Dissociation Constants for Acids (HSC SSCE Chemistry): Revision Notes

Dissociation Constants for Acids

Introduction to acid dissociation constants

When weak acids dissolve in water, only a small proportion of the acid molecules ionise. This creates an equilibrium between the un-ionised acid molecules and the ions produced. The extent of this ionisation can be quantified using a special equilibrium constant called the acid dissociation constant, represented by the symbol $K_a$.

The general equation for a weak acid ionising in water is:

$\text{HA(aq)} + \text{H}_2\text{O(l)} \rightleftharpoons \text{H}_3\text{O}^+\text{(aq)} + \text{A}^-\text{(aq)}$

where HA represents any weak acid and A⁻ represents its conjugate base.

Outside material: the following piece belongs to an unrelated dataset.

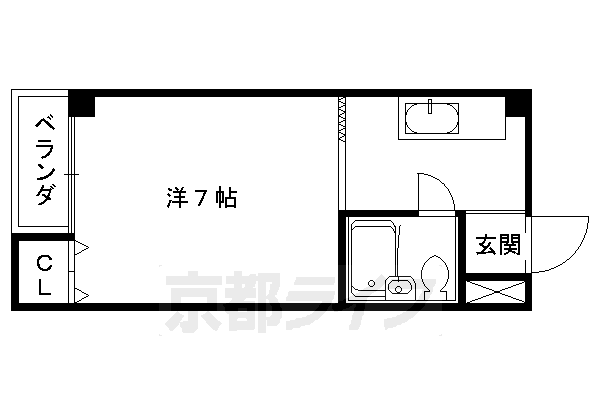 【京都市中京区壬生森町のアパートの間取り】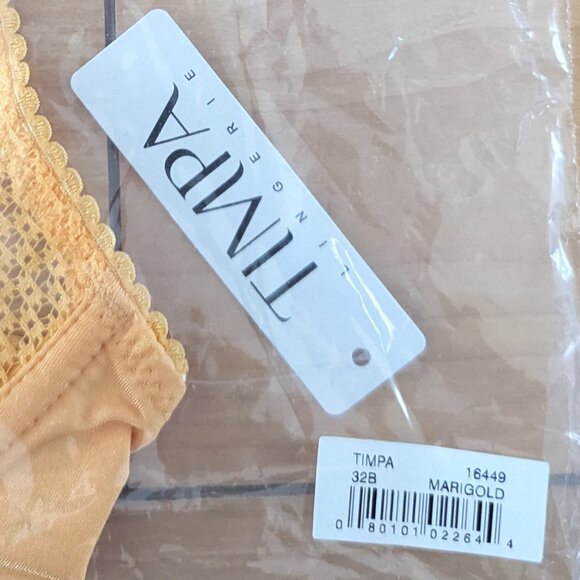 NWT Timpa Lingerie Alice Demi Bra (still in bag) 32B Marigold color - Picture 7 of 9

The equilibrium expression for weak acids

The acid dissociation constant expression follows the standard equilibrium format. For the general weak acid equation above, the equilibrium expression is:

$K_a = \frac{[\text{H}_3\text{O}^+][\text{A}^-]}{[\text{HA}]}$

Understanding the magnitude of $K_a$

The size of the acid dissociation constant tells us about the strength of the acid:

• Large $K_a$ values (close to 1 or greater): Strong acids that ionise almost completely in water. The numerator (products) is much larger than the denominator (reactants).
• Small $K_a$ values (much less than 1): Weak acids that only ionise to a small extent. The denominator (reactants) is much larger than the numerator (products).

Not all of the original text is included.